Lobstering moratorium should be last resort
There are few activities more closely associated with coastal New England than lobstering. While the industry is a tiny one relative to the region's overall economy, it holds a disproportionate place in its collective psyche.
It is hard to imagine coastal Connecticut without lobster buoys, traps and lobstermen plying their trade. Yet the unimaginable is perilously close to becoming reality. That fact became apparent when federal authorities began debating whether a five-year ban on lobstering in waters south of Cape Cod, including the entire Connecticut coastline, was necessary to save the fishery.
The technical committee of the American Lobster Management Board - which in turn is part of the Atlantic States Marine Fisheries Commission - has recommended the ban to give dwindling lobster populations from the Cape south to coastal North Carolina time to recover.
Meeting in Rhode Island Thursday, the management board decided not to move forward with the ban, at least not yet. This is the appropriate decision, given disputed scientific evidence. Stopping lobster harvesting for five years would decimate the tiny and dwindling lobster fishery in Connecticut. There are only an estimated 20 full-time commercial lobstermen left in the state.

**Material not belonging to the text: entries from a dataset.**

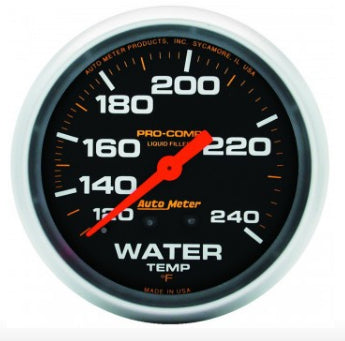 Pro-Comp-2-5/8in-Mechanical-Water-Temp-Gauge---Liquid-Filled---120-240-Deg-F-204884-Corvette-Store-Online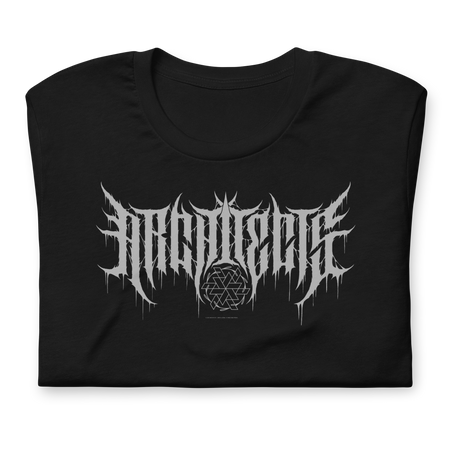 Stakes Architects Gothic Logo T-Shirt Black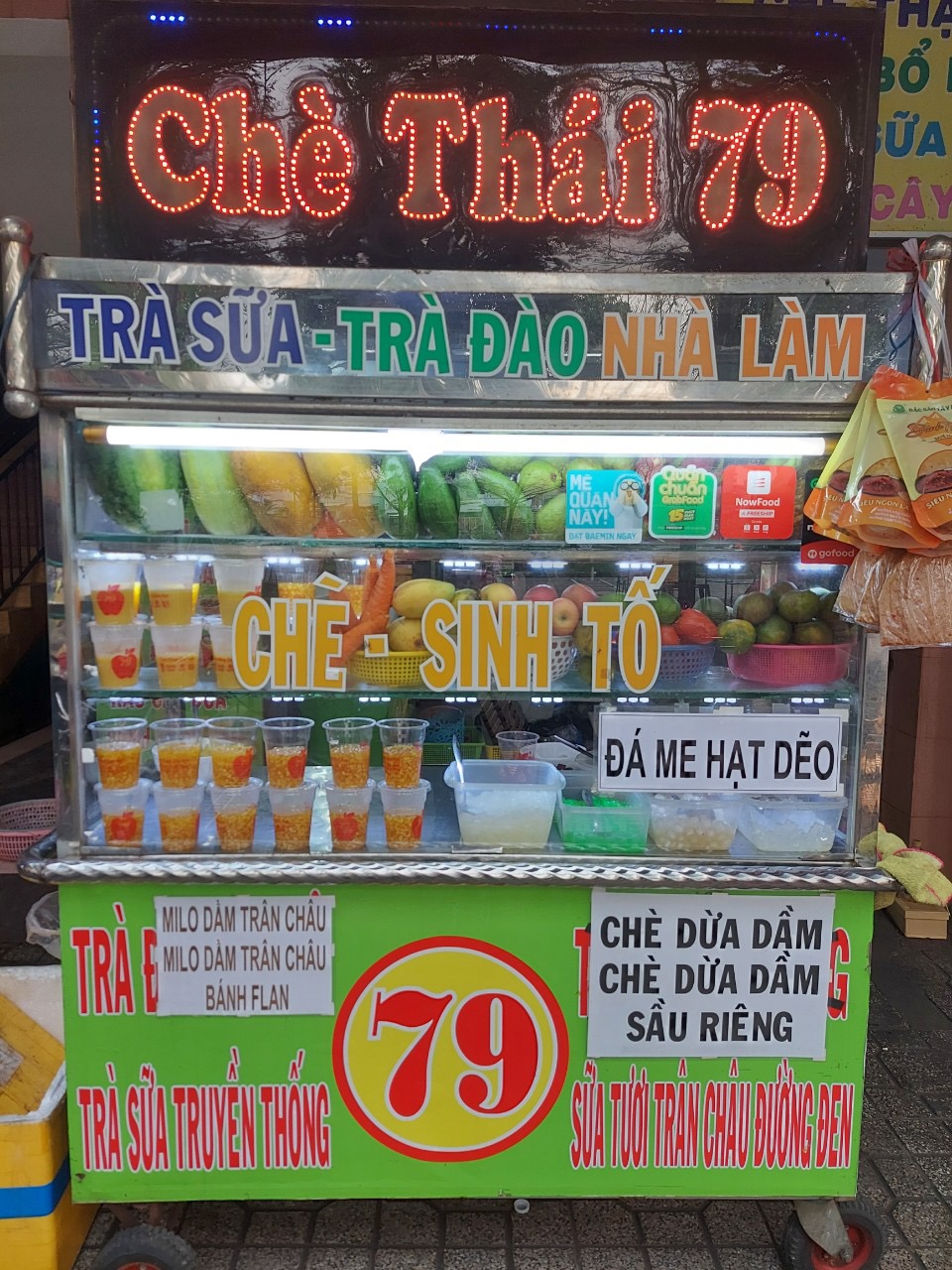 Chè Thái 79 - Đường CC5
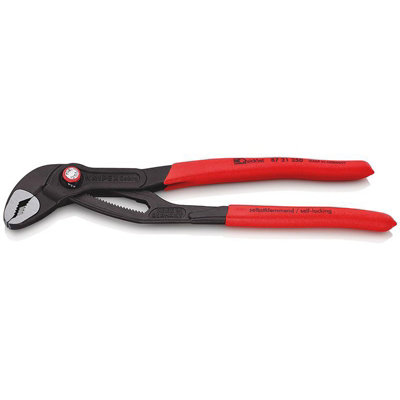 Draper Knipex Cobra 87 21 250 Quickset Water Pump Pliers250mm 53952 from B&Q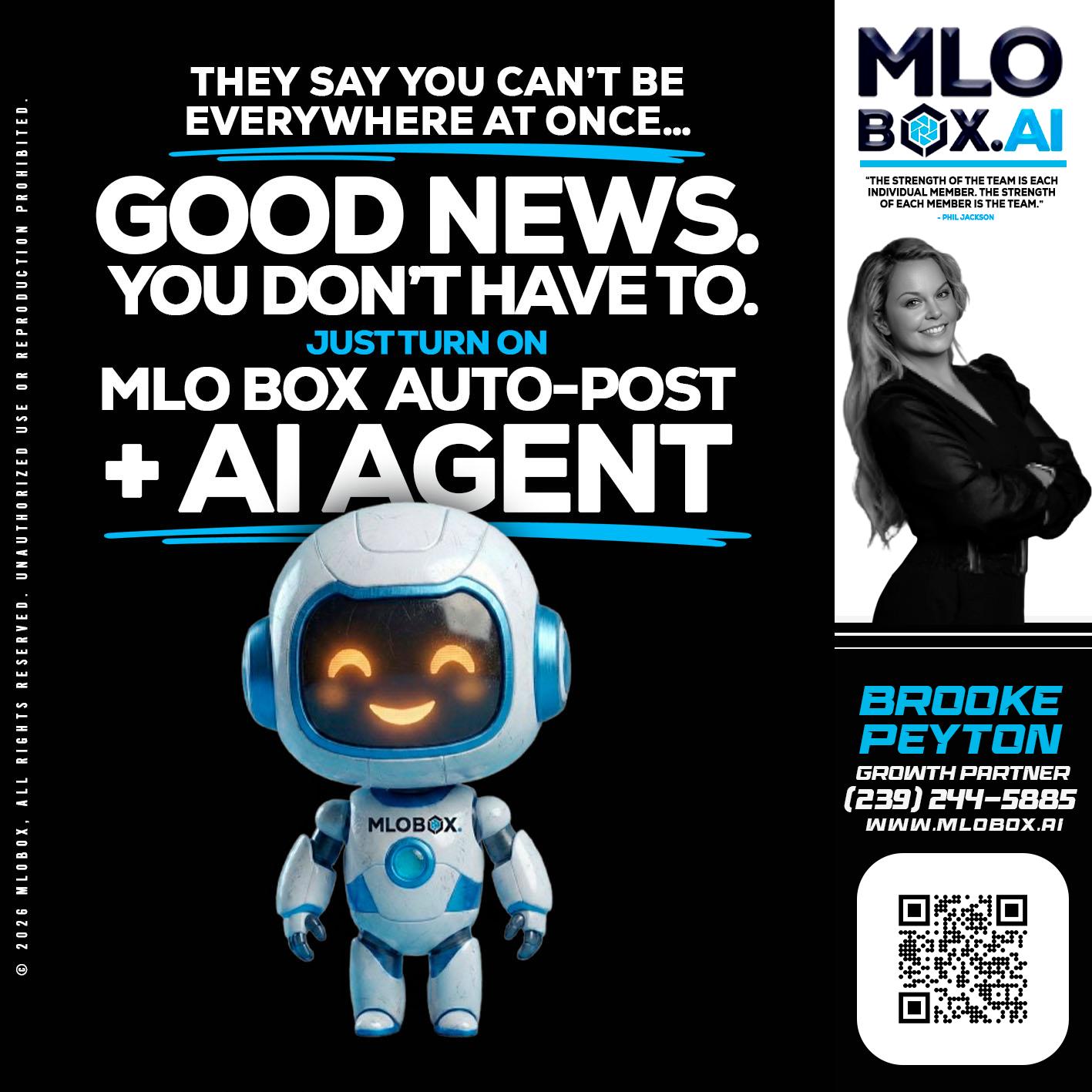 GOOD NEWS - Brooke Peyton -Mortgage Broker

Federal authorities should take such a dramatic action only as a last resort and after ruling out all other options as insufficient to address the problem.
Scientists estimate that a lobster population that reached 38 million in Long Island Sound in 1998 has dwindled to about 15 million. Using trawl surveys in April, researchers estimated the lobster population to be 14 million pounds in southern New England waters, the lowest since monitoring began in the early 1980s. Lobstermen, however, challenge these estimates, saying they do not appear to jibe with the catches they are finding in their traps.
While observers may disagree about the numbers, no one disputes that something has adversely affected the lobster population, and overfishing does not appear to be the culprit. Among the leading theories are that the lobsters are not responding well to rising water temperatures and that predators, such as striped bass, are exacting a higher toll.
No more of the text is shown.